● **INSTRUCTIONS TO FOLLOW**: With the pictures left out, restate exactly the part below that opens with the line containing "PN SUD MODELISME" and closes with the line containing "Traditional Load-Carrying Methods".

● **MATERIAL PROVIDED**:
=== Begin Enclosure ===

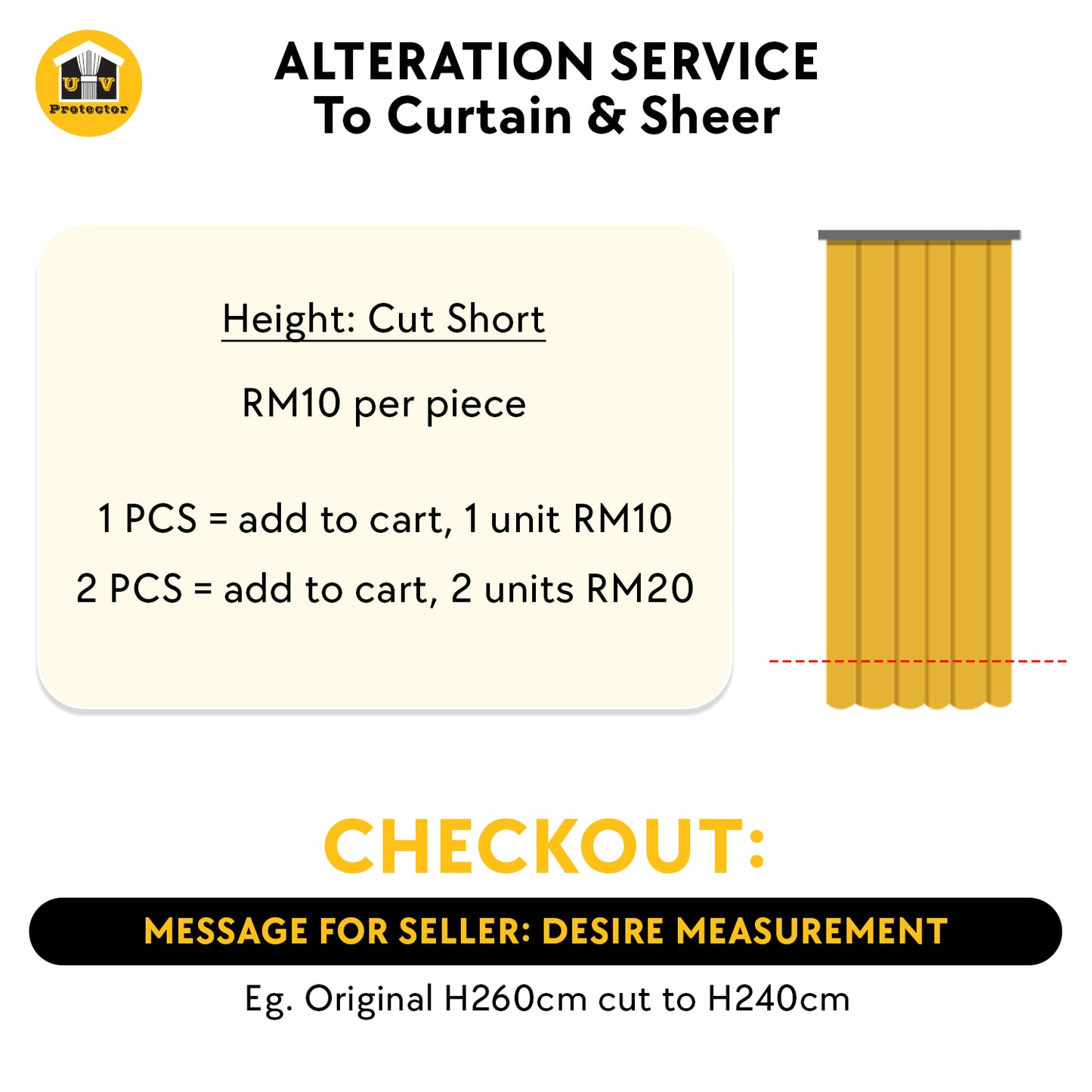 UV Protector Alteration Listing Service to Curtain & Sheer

=== End Enclosure ===
=== Begin Enclosure ===

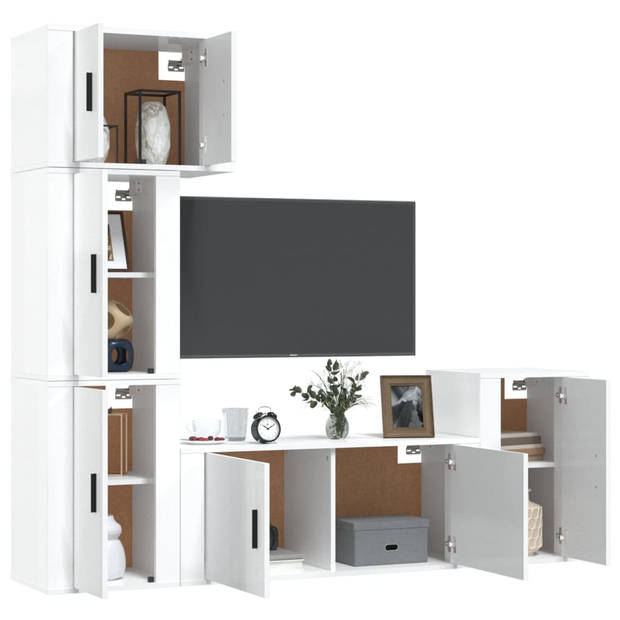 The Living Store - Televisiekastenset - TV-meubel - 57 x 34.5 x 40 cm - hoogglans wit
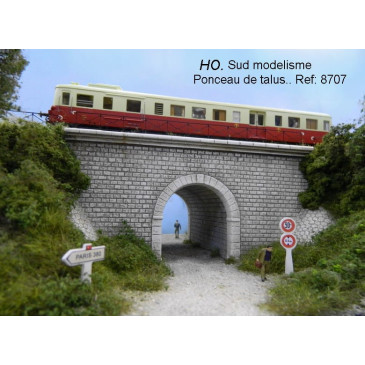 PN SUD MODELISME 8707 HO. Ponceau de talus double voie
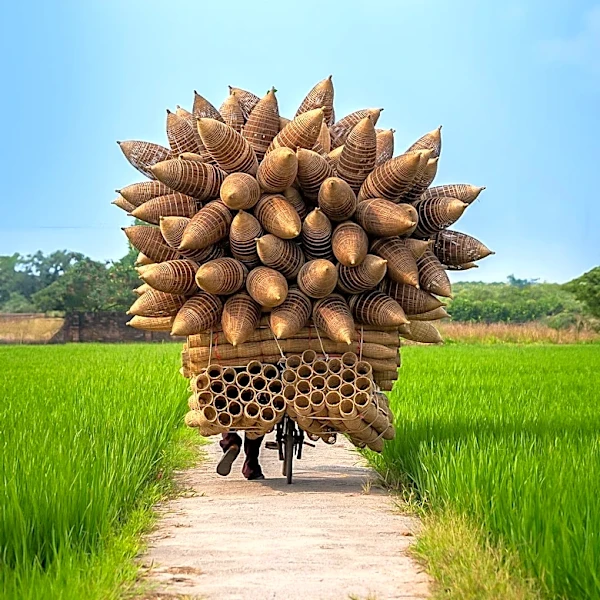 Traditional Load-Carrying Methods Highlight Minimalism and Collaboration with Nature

=== End Enclosure ===
=== Begin Enclosure ===

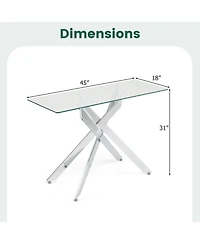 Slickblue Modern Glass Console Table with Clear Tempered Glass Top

=== End Enclosure ===

● **SOLUTION FOR THIS PROBLEM**:
 PN SUD MODELISME 8707 HO. Ponceau de talus double voie
 Traditional Load-Carrying Methods Highlight Minimalism and Collaboration with Nature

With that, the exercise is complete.